My second reflective step looked into two other questions: (a) the political effects that the participatory tools technically provided by the Internet can cause on the institutional decision–making process. Latter, I examined (b) how the constraints discussed in the literature about e–participation are reflected in such initiatives. Last, I made some suggestions to improve these experiences (Marques, 2008).
I cannot completely describe all of the findings pointed out by tmy earlier research. I can briefly show — grounded on my own investigation and on later works by Pereira (2009) in his doctoral thesis — that these Web sites employ digital tools quite differently.
The Presidency site focuses on strictly providing (a) information about government structure; (b) biographical data about the Brazilian President Lula da Silva, his ministers and secretaries; and, (c) information about programs, news, speeches, interviews, and other promotional publications related to the Federal Government. There were a few mechanisms directed to foster the acquisition of political skills.

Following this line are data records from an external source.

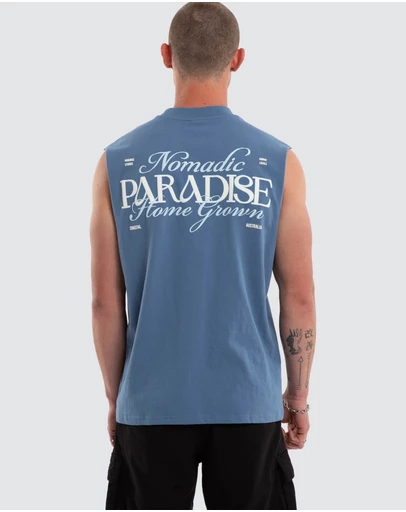 Nomadic Paradise - Home Grown Street Muscle
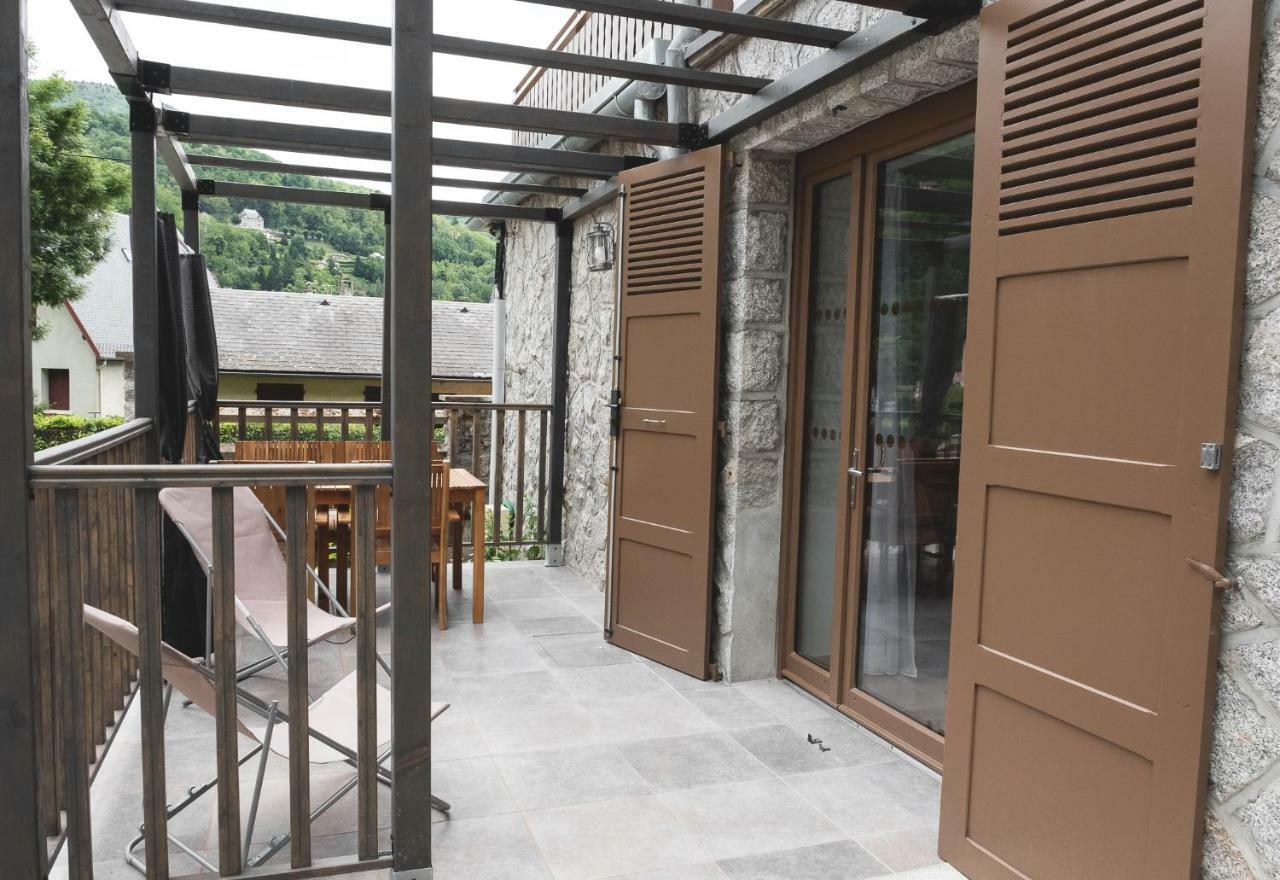 Au chalet des quatre saisons Ax-les-Thermes Extérieur photo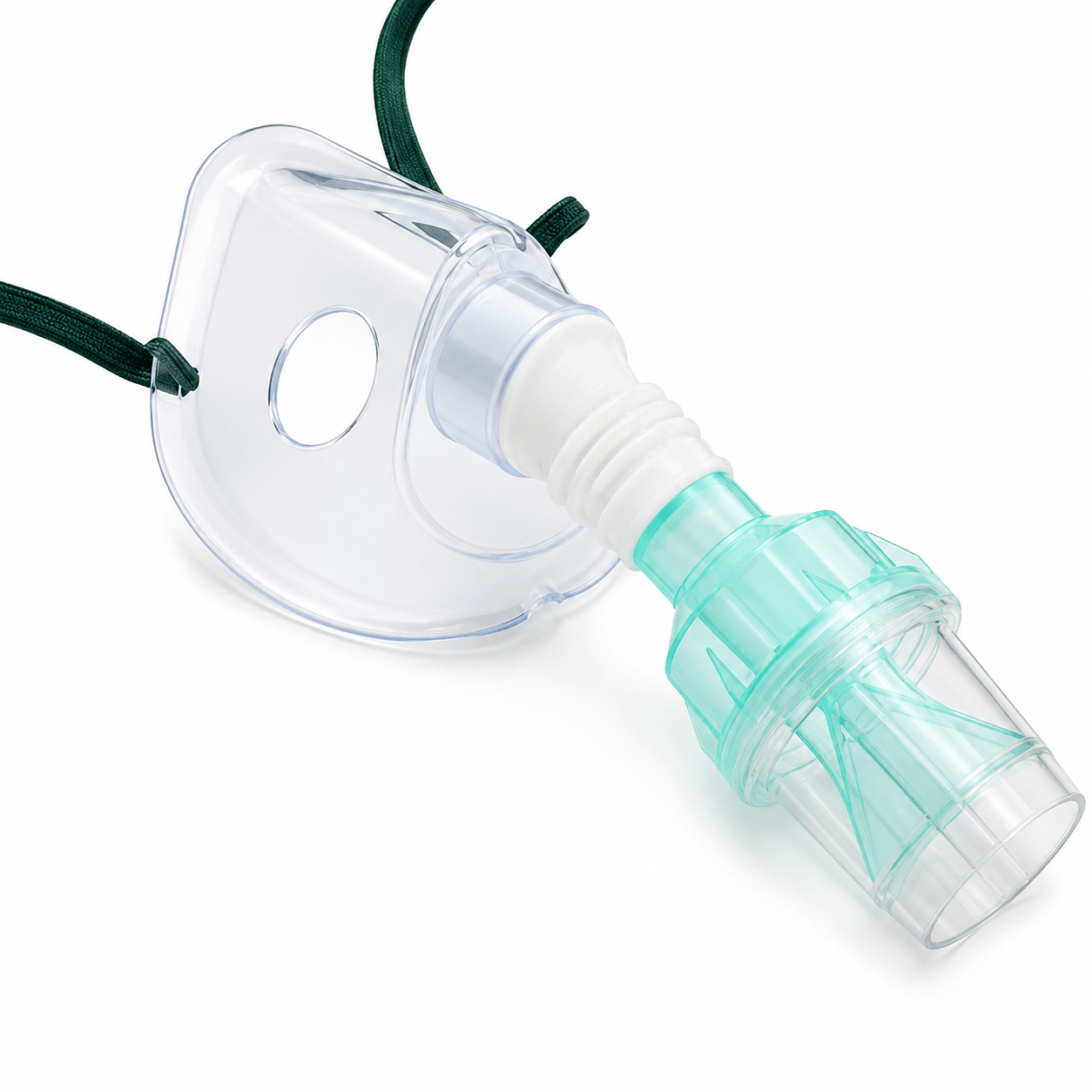 AERO MIST NEBULIZER ACCESSORIES KIT MUSK - HEALTH AIM PHARMACY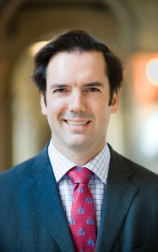 Alexis Collomb, professeur du Cnam, titulaire de la chaire Finance de marché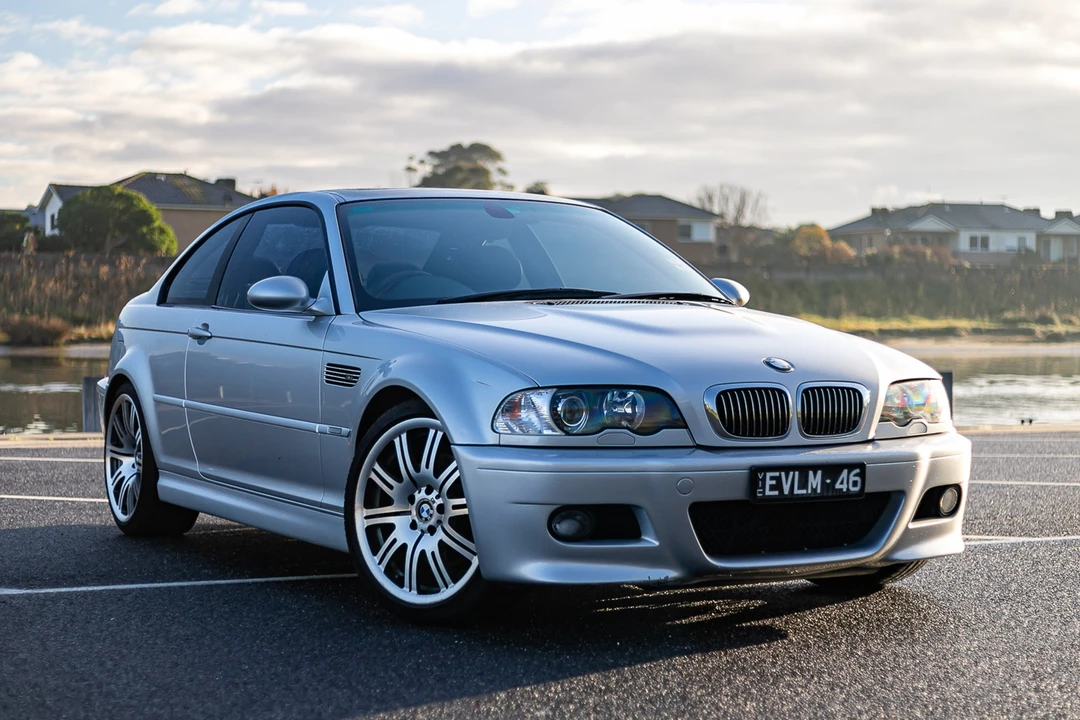 2004 BMW E46 M3 - Image 2 of 31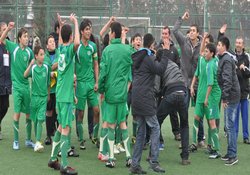 Aliağaspor'da Hedef Şampiyonluk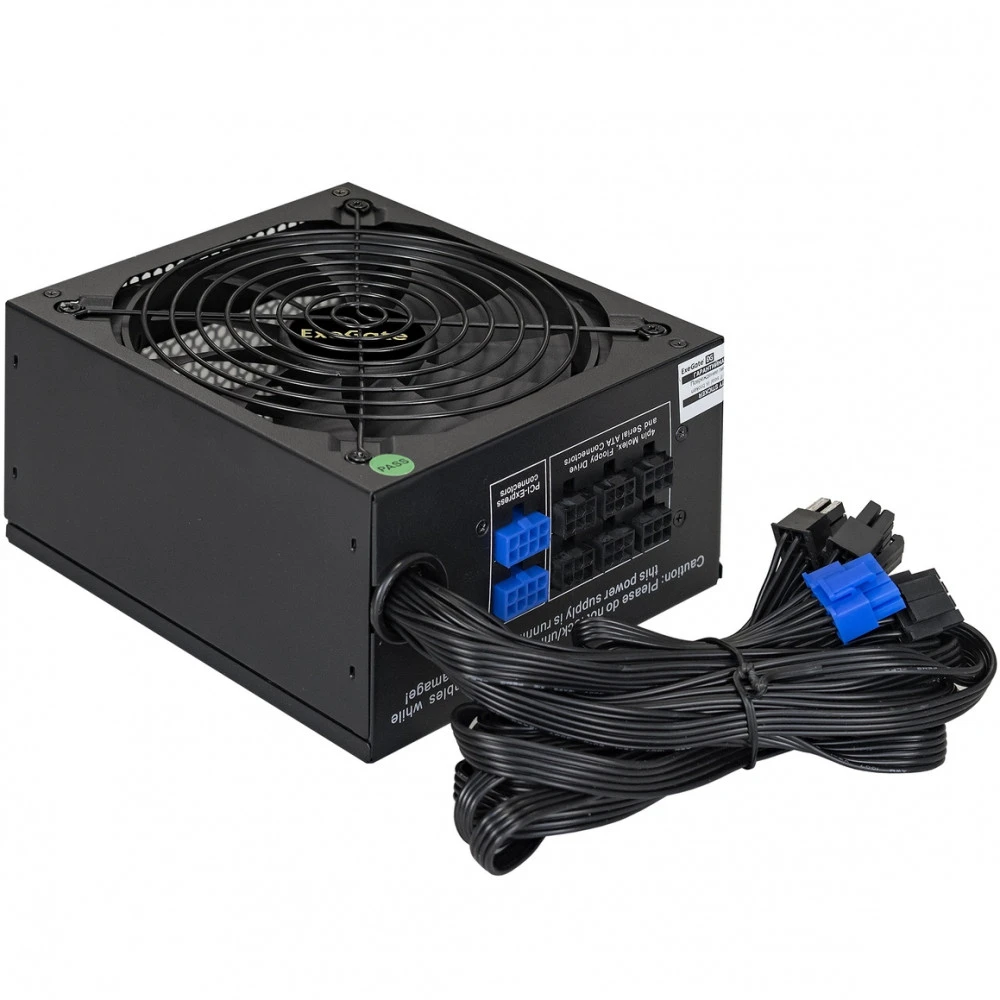 Серверный блок питания ExeGate ServerPRO-1000RADS EX292214RUS ATX, 1000 Вт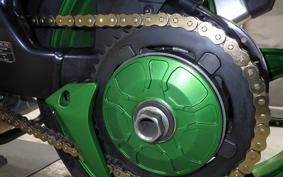 KAWASAKI NINJA H2 SX SE 2018 ZXT02A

In other words, the analysis did not find elements addressed to encourage citizens’ political involvement in public policies.
For example, none of the government’s leaders scheduled meetings to interact with users, which would certainly improve citizens’ sense of political effectiveness (Almond and Verba, 1963). Moreover, citizens who access this site cannot track messages they eventually send, since the technology adopted by the Presidency does not offer this option. Besides, the most sophisticated participatory channels identified in different experiences (like public forums, opinion polls, and chat rooms) are not available (Musso, et al., 2000; Fung, 2003; Janssen and Kies, 2005; Wright and Street, 2007). E–mail addresses and Web forms are the single tools at users’ disposal to contact the Brazilian Presidency. My research concluded from the analysis of the Presidency site that despite (a) the current leftist (Bobbio, 1996) government in Brazil, and (b) the official discourse prone to emphasize a participatory use of the Internet (Brazil, 2004a), little has been done to increase opportunities for political participation through digital media.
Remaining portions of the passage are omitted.